Problem description
Word for word, repeat the lines of the records from the first line up to and including the line that contains "DC__CRYPT's tweet image.", passing over any pictures.

Collection entries
________________________________________

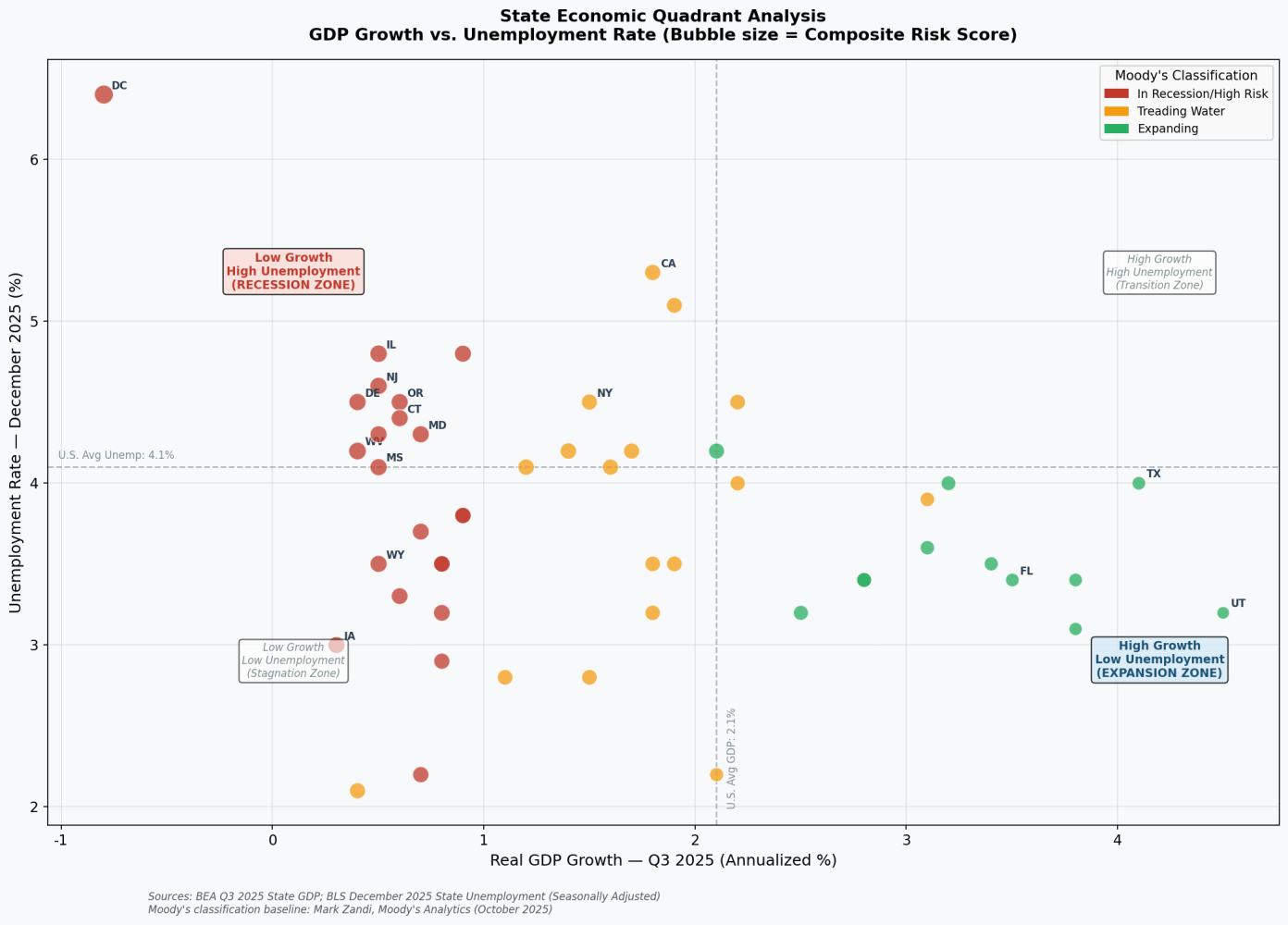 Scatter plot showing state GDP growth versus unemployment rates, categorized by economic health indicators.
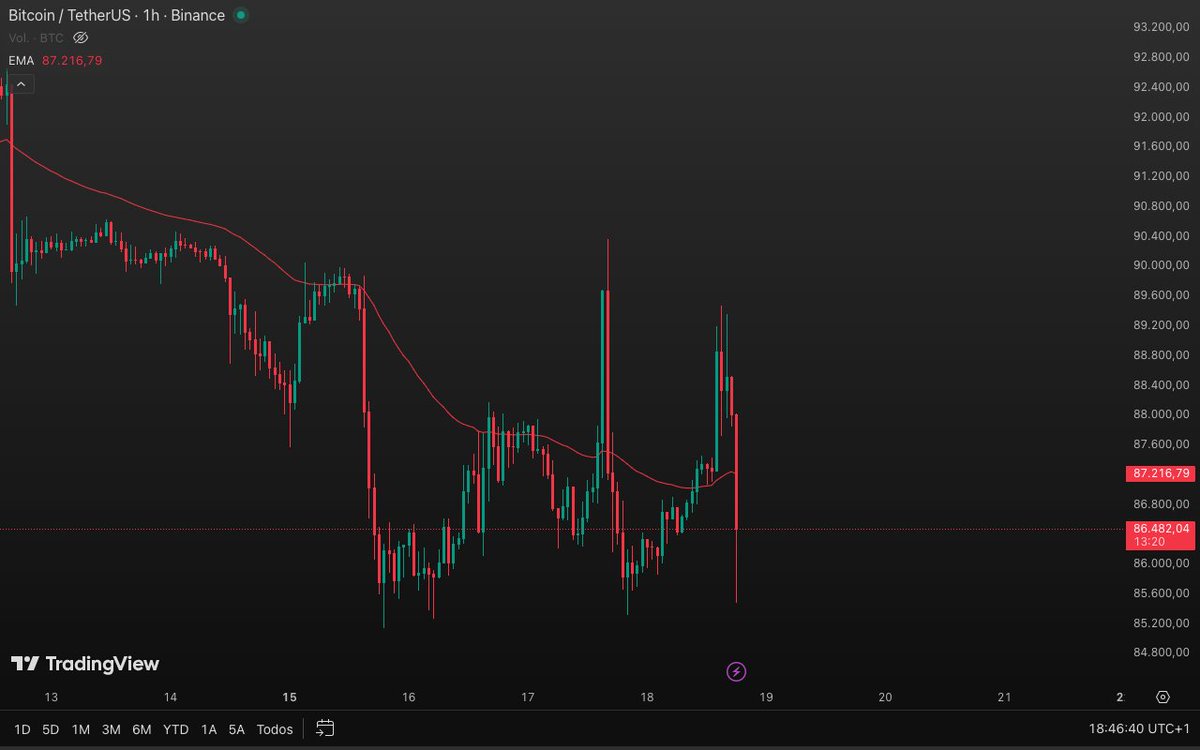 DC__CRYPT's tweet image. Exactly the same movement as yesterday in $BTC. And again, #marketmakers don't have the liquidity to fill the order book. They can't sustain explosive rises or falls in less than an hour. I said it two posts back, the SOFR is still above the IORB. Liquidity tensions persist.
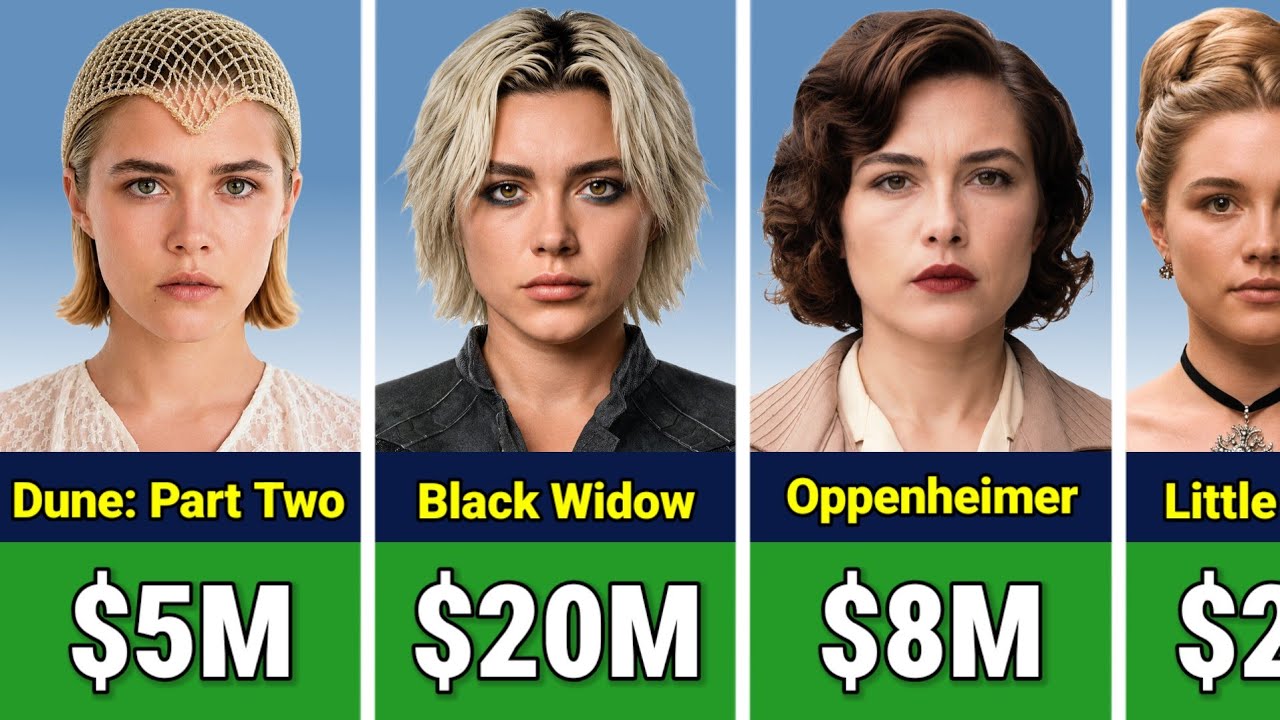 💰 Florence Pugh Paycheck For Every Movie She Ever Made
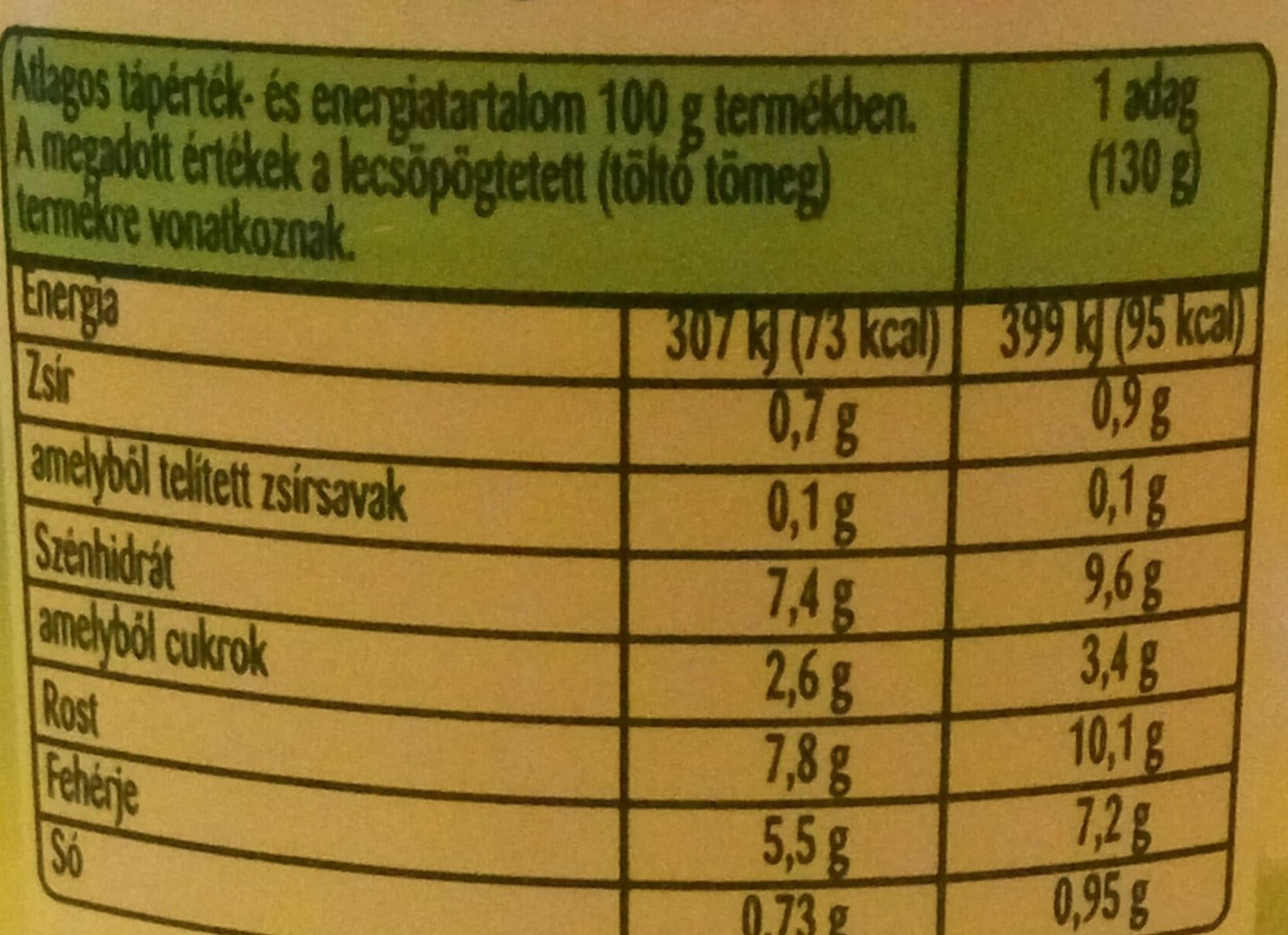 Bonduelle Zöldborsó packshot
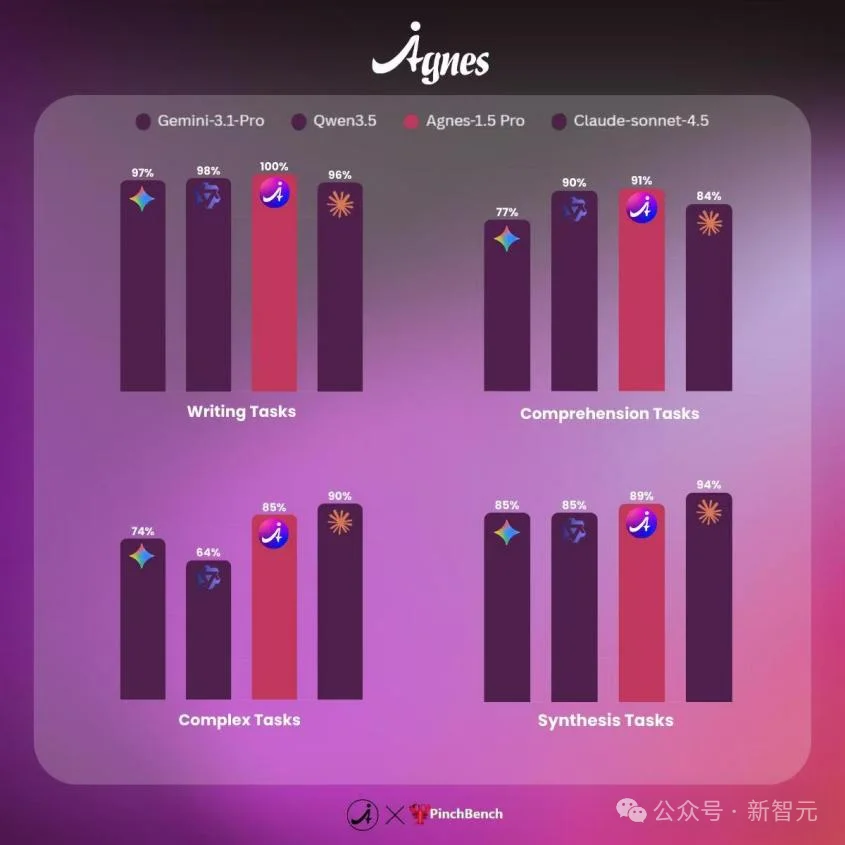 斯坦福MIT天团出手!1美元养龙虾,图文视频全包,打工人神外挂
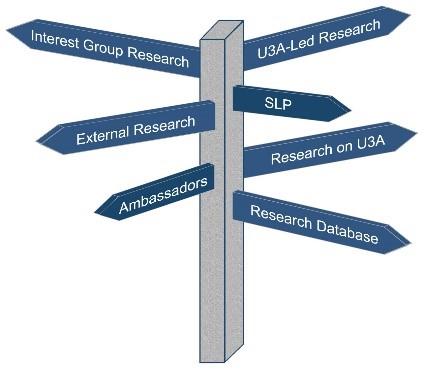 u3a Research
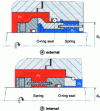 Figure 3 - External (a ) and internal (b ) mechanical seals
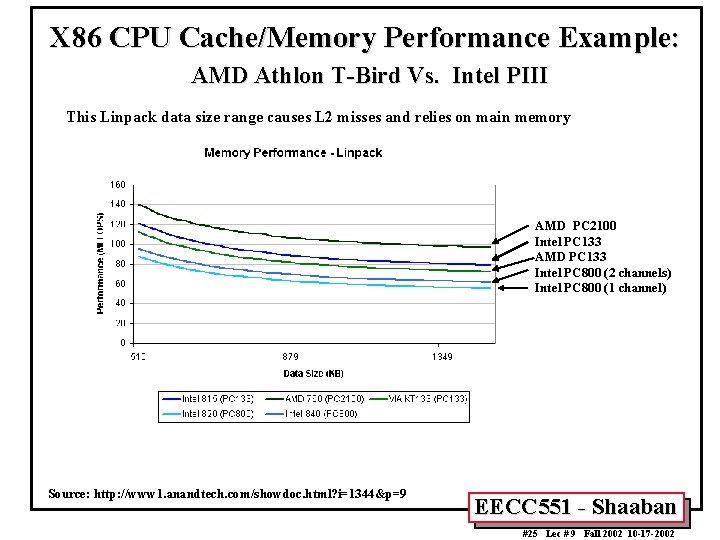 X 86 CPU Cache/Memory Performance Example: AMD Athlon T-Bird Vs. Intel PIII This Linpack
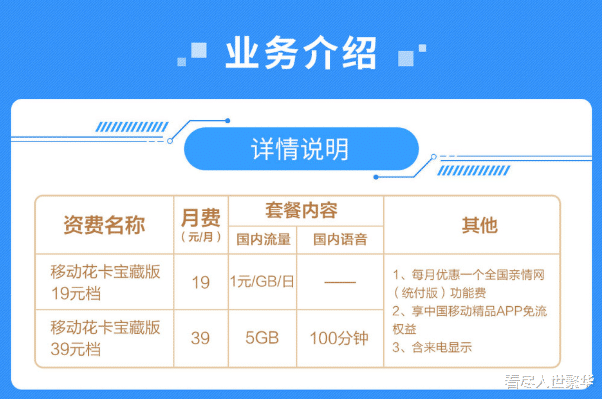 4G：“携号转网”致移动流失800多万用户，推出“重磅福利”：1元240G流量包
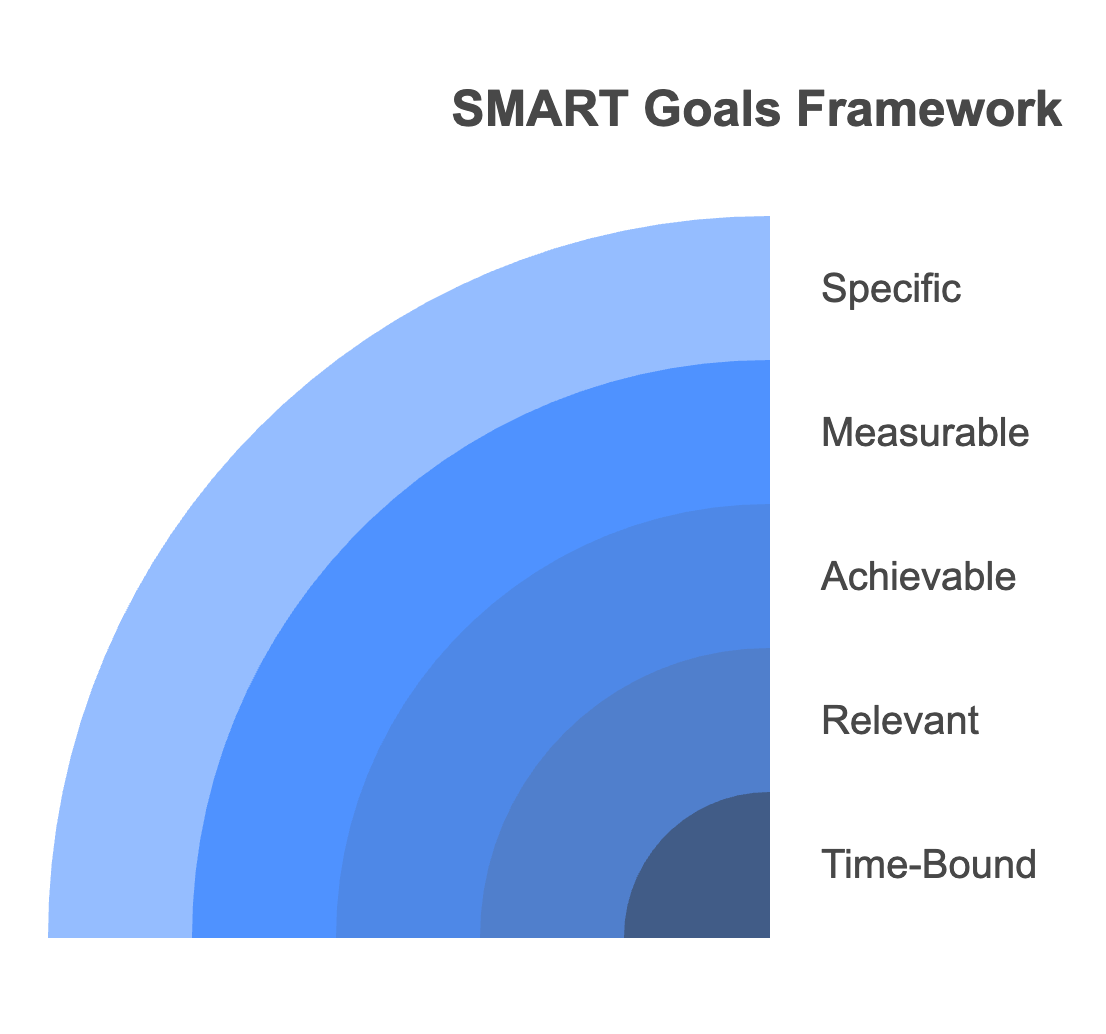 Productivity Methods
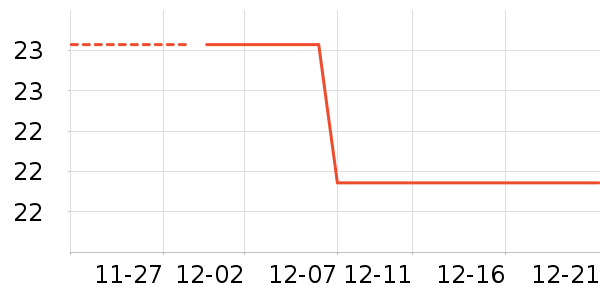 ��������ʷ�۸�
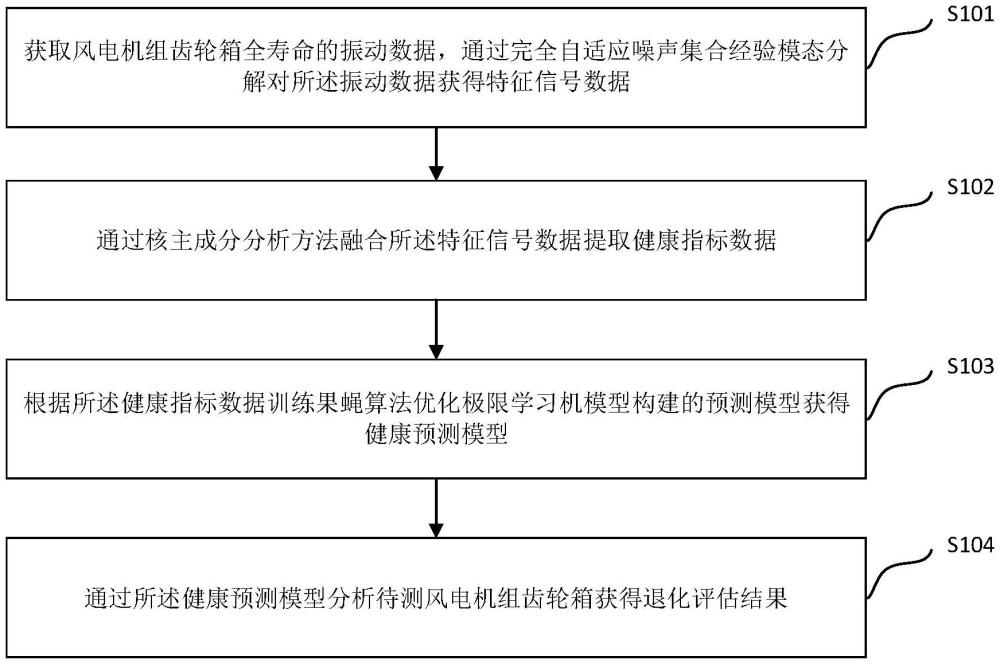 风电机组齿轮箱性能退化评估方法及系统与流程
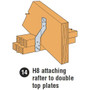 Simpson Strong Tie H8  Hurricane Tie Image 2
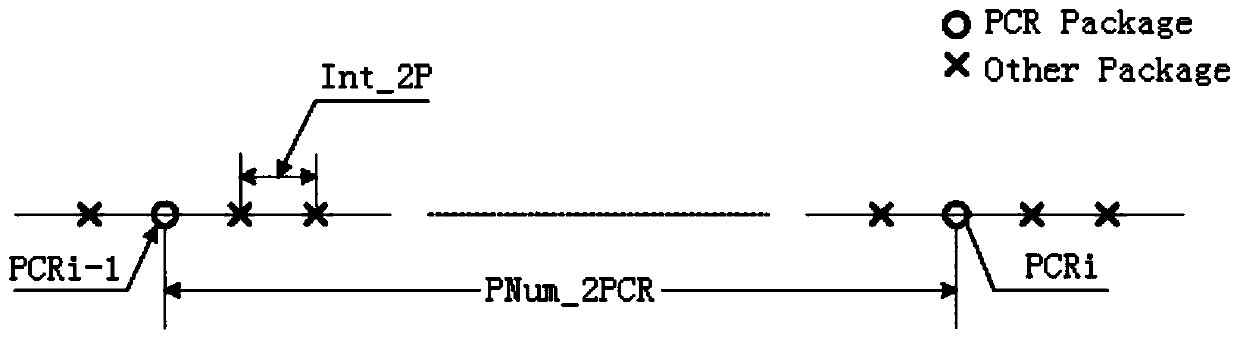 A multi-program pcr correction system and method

________________________________________

Written solution
 Scatter plot showing state GDP growth versus unemployment rates, categorized by economic health indicators.
 DC__CRYPT's tweet image. Exactly the same movement as yesterday in $BTC. And again, #marketmakers don't have the liquidity to fill the order book. They can't sustain explosive rises or falls in less than an hour. I said it two posts back, the SOFR is still above the IORB. Liquidity tensions persist.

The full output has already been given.